• ACTIVITY:
Look through the entries below for the line with "Pink&White XS Women's" and the line with "Alles wat u moet weten over een bruiloft DJ", then give again exactly those two lines and all lines between them, minus the pictures.

• EXTRACTED INFORMATION:
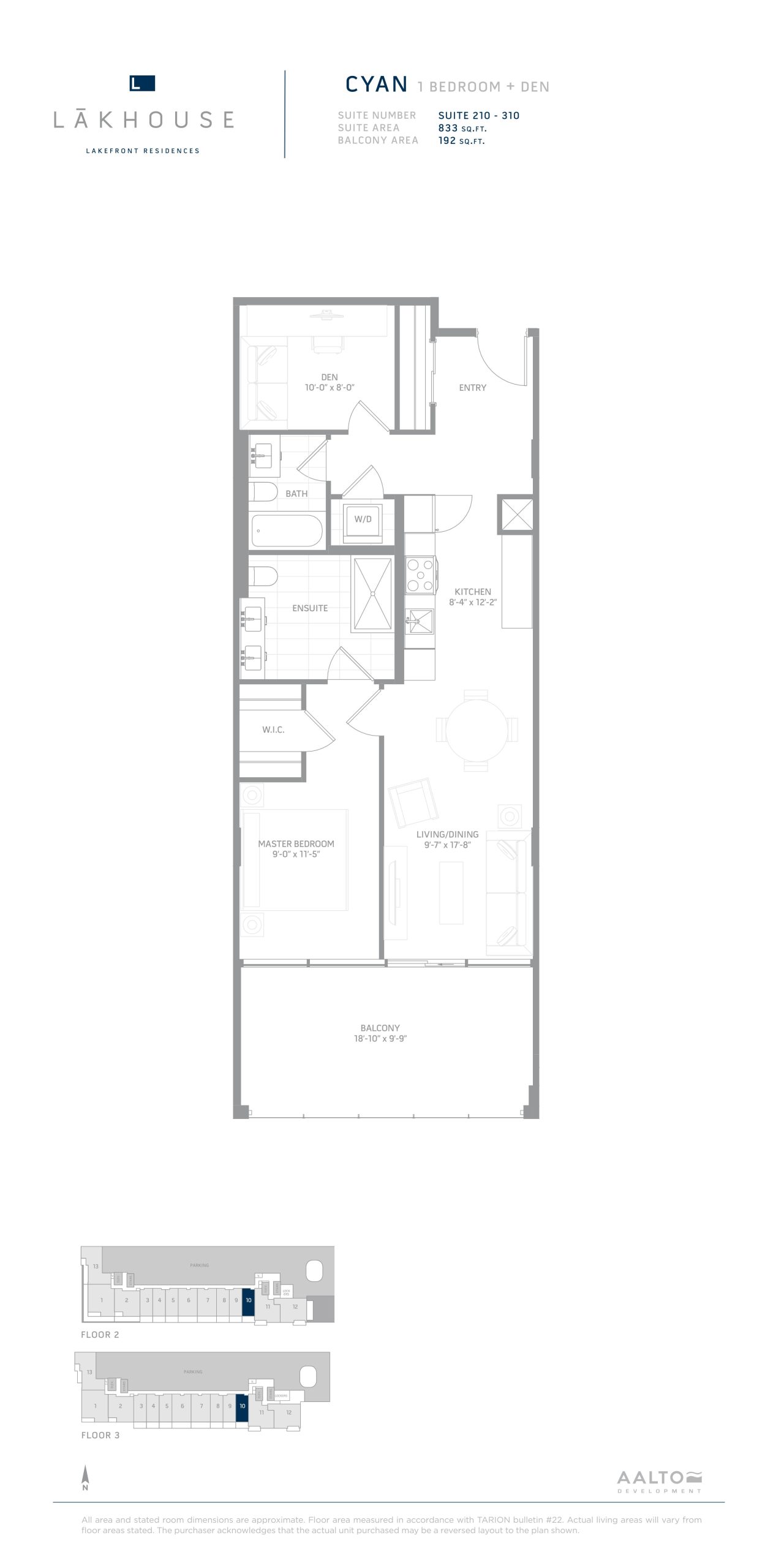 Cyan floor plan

==

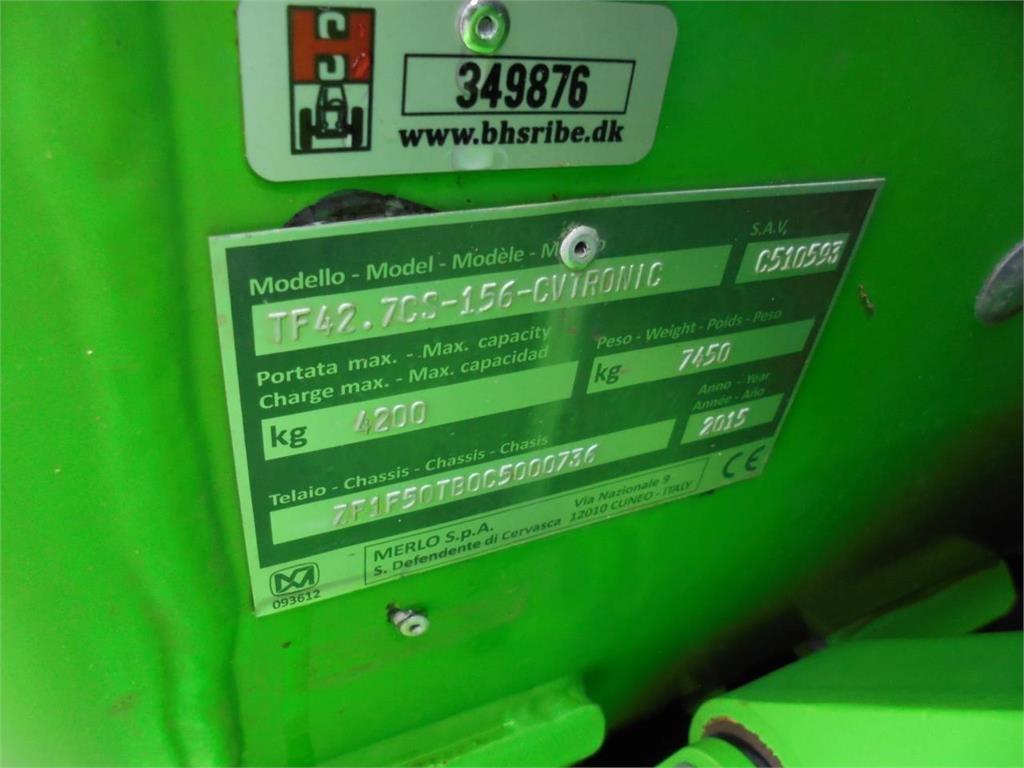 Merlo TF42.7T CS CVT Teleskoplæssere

==

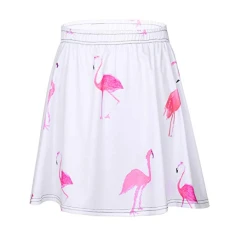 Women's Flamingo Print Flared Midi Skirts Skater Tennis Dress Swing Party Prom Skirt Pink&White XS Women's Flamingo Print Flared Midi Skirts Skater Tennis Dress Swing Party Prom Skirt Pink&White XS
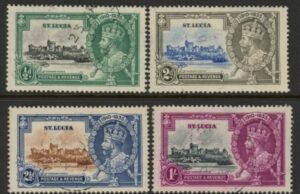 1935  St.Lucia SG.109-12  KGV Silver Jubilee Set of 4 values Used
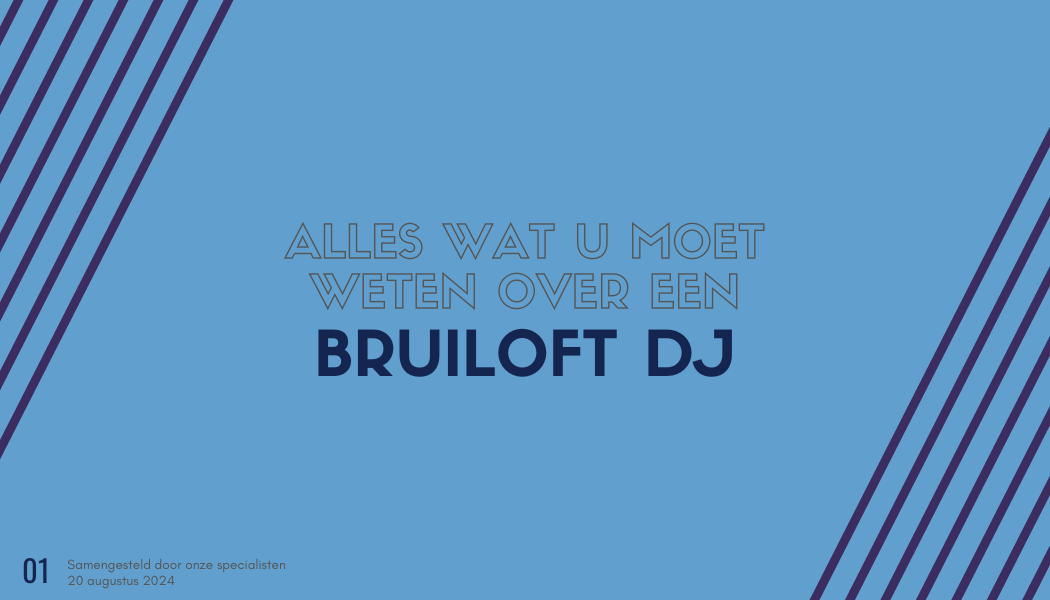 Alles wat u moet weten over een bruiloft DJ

• FINAL ANSWER:
 Women's Flamingo Print Flared Midi Skirts Skater Tennis Dress Swing Party Prom Skirt Pink&White XS Women's Flamingo Print Flared Midi Skirts Skater Tennis Dress Swing Party Prom Skirt Pink&White XS
 1935  St.Lucia SG.109-12  KGV Silver Jubilee Set of 4 values Used
 Alles wat u moet weten over een bruiloft DJ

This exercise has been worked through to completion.